Transcribe the entries exactly as each line appears.

[Extracted records]
--*--

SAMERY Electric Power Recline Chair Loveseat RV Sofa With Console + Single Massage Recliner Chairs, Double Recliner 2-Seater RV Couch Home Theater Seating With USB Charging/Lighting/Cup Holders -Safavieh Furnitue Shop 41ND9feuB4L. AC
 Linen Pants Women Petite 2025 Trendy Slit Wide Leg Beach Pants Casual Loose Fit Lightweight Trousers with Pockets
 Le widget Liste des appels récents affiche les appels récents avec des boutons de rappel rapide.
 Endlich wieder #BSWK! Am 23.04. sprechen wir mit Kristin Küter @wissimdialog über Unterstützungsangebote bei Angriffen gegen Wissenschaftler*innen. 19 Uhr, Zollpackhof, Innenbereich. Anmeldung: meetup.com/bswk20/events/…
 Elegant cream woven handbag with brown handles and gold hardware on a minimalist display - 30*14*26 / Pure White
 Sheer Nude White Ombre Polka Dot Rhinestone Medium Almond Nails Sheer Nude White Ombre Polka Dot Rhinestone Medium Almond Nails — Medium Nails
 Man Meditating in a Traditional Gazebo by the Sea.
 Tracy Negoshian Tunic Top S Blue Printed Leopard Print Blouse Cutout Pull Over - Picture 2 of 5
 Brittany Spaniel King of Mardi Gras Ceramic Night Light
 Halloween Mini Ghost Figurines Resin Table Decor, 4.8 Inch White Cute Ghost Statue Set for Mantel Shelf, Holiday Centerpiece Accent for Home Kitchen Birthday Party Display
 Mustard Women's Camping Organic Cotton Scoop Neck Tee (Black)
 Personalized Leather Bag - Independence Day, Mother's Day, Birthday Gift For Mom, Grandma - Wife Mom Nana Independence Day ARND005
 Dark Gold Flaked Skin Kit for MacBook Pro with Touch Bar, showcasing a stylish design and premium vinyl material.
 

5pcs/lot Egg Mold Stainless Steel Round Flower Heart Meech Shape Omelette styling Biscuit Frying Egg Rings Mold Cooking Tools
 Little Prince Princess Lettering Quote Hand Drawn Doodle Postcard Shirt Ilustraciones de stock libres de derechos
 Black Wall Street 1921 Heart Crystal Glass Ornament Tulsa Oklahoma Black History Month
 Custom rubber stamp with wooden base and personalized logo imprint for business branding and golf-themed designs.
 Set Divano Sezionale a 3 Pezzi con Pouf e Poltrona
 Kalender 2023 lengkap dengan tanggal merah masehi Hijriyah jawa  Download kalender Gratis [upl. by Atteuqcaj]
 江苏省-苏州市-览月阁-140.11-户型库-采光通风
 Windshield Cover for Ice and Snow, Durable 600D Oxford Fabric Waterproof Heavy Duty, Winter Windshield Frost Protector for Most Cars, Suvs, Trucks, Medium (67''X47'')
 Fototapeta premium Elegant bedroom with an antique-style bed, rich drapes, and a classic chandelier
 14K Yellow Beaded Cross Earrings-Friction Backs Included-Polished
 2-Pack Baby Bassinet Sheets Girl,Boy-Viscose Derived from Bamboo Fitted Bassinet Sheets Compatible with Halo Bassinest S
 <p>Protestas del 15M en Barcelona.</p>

--*--

**Solution to this problem:**
SAMERY Electric Power Recline Chair Loveseat RV Sofa With Console + Single Massage Recliner Chairs, Double Recliner 2-Seater RV Couch Home Theater Seating With USB Charging/Lighting/Cup Holders -Safavieh Furnitue Shop 41ND9feuB4L. AC
 Linen Pants Women Petite 2025 Trendy Slit Wide Leg Beach Pants Casual Loose Fit Lightweight Trousers with Pockets
 Le widget Liste des appels récents affiche les appels récents avec des boutons de rappel rapide.
 Endlich wieder #BSWK! Am 23.04. sprechen wir mit Kristin Küter @wissimdialog über Unterstützungsangebote bei Angriffen gegen Wissenschaftler*innen. 19 Uhr, Zollpackhof, Innenbereich. Anmeldung: meetup.com/bswk20/events/…
 Elegant cream woven handbag with brown handles and gold hardware on a minimalist display - 30*14*26 / Pure White
 Sheer Nude White Ombre Polka Dot Rhinestone Medium Almond Nails Sheer Nude White Ombre Polka Dot Rhinestone Medium Almond Nails — Medium Nails
 Man Meditating in a Traditional Gazebo by the Sea.
 Tracy Negoshian Tunic Top S Blue Printed Leopard Print Blouse Cutout Pull Over - Picture 2 of 5
 Brittany Spaniel King of Mardi Gras Ceramic Night Light
 Halloween Mini Ghost Figurines Resin Table Decor, 4.8 Inch White Cute Ghost Statue Set for Mantel Shelf, Holiday Centerpiece Accent for Home Kitchen Birthday Party Display
 Mustard Women's Camping Organic Cotton Scoop Neck Tee (Black)
 Personalized Leather Bag - Independence Day, Mother's Day, Birthday Gift For Mom, Grandma - Wife Mom Nana Independence Day ARND005
 Dark Gold Flaked Skin Kit for MacBook Pro with Touch Bar, showcasing a stylish design and premium vinyl material.
 

5pcs/lot Egg Mold Stainless Steel Round Flower Heart Meech Shape Omelette styling Biscuit Frying Egg Rings Mold Cooking Tools
 Little Prince Princess Lettering Quote Hand Drawn Doodle Postcard Shirt Ilustraciones de stock libres de derechos
 Black Wall Street 1921 Heart Crystal Glass Ornament Tulsa Oklahoma Black History Month
 Custom rubber stamp with wooden base and personalized logo imprint for business branding and golf-themed designs.
 Set Divano Sezionale a 3 Pezzi con Pouf e Poltrona
 Kalender 2023 lengkap dengan tanggal merah masehi Hijriyah jawa  Download kalender Gratis [upl. by Atteuqcaj]
 江苏省-苏州市-览月阁-140.11-户型库-采光通风
 Windshield Cover for Ice and Snow, Durable 600D Oxford Fabric Waterproof Heavy Duty, Winter Windshield Frost Protector for Most Cars, Suvs, Trucks, Medium (67''X47'')
 Fototapeta premium Elegant bedroom with an antique-style bed, rich drapes, and a classic chandelier
 14K Yellow Beaded Cross Earrings-Friction Backs Included-Polished
 2-Pack Baby Bassinet Sheets Girl,Boy-Viscose Derived from Bamboo Fitted Bassinet Sheets Compatible with Halo Bassinest S
 <p>Protestas del 15M en Barcelona.</p>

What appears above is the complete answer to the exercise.